Delivering the keynote address, Sayed Sadat Mansoor Naderi, State Minister for Peace of Afghanistan, said “For nearly five decades, violence has been the defining factor of life in Afghanistan. It has been the main political capital, the main driving force in the economic market and the foundation of social relationships at the grassroots level. This has to change and the peace process offers the opportunity to do just that,” Naderi said.
Naderi further added that Afghanistan and the region around it, for centuries in human history, has been a melting pot of various cultures and ideas, interacting with each other, which had enabled the development of a unique civilizational identity.
However, he said the region sunk into a long period of political instability, economic degradation and cultural conservatism as it gradually lost its diversity and more intolerant ideologies became the norm.
“What differentiates us from the Taliban is the diversity and pluralism of our constituency and the capacity of our institutions to represent and reflect that diversity,” he said, adding that “The Taliban on the other hand, represent a limited group of narrow likeminded people with extreme views.”
According to Naderi, the Taliban has not shown the slightest signs of compromise and flexibility towards the rest of the country, continue their wave of violence and still strongly push for a military takeover. “They have not shown any understanding of human and women’s rights, they have not projected any respect for the diversity and pluralism of Afghan society.”

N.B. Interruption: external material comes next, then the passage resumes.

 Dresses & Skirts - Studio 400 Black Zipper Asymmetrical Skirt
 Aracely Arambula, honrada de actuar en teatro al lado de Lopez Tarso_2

“So, making this process work requires creative thinking and imagination. But it also requires strong and united political messaging, not just from political forces under the banner of the republic, but also our international partners to make it clear to the Taliban that they have no way to become part of the mainstream political scene in Afghanistan except by engaging in a cooperative dialogue with the rest of the Afghan society,” Naderi added.
Reid Sirrs, Ambassador of Canada to Afghanistan, Saoud Abdulla Al-Mahmoud, Ambassador of Qatar to Canada, Ms. Meredith Preston McGhie, Secretary-General of the Global Centre for Pluralism and Mr. Chris Thornton, Senior Advisor for the Center, also delivered remarks on how pluralism can contribute to the Afghan Peace Process.

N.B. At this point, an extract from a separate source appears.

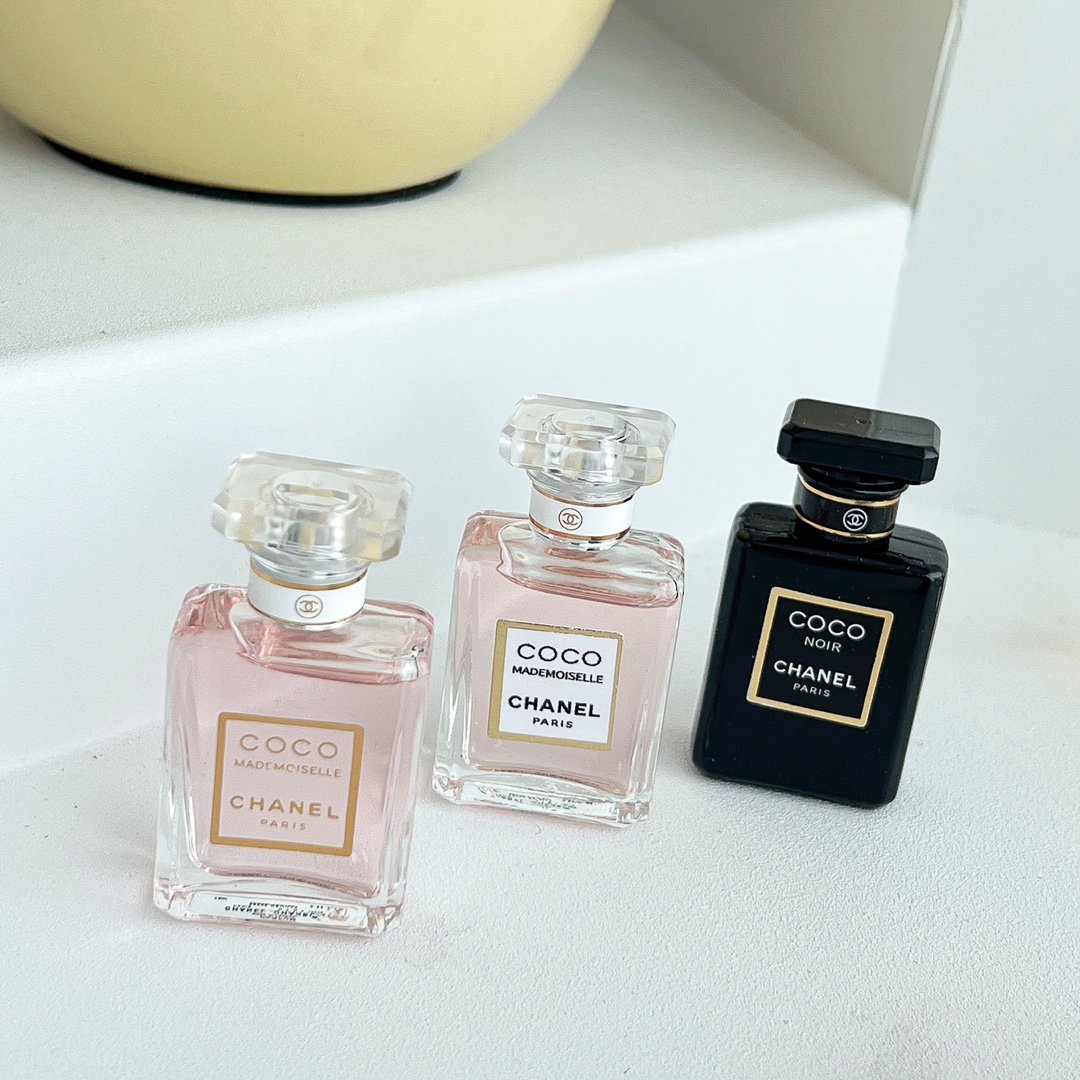 Chanel Summer Filter Family Portrait Fragrance Sample Set (12 pieces)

The Embassy of Afghanistan in a statement said the speakers discussed diversity and inclusion in the context of the Afghan peace process and how it can contribute to sustainable peace in the country.
The statement further added that speakers described inclusion as a critical element and a guiding principle in both peace-making and peace-building efforts and stressed the importance of meaningful participation of all stakeholder groups including women and minorities in the peace process.
The speakers also highlighted the importance of continued conversation, research and exchange of experiences with a view to help deepen understanding of pluralism and its applications in the peace process.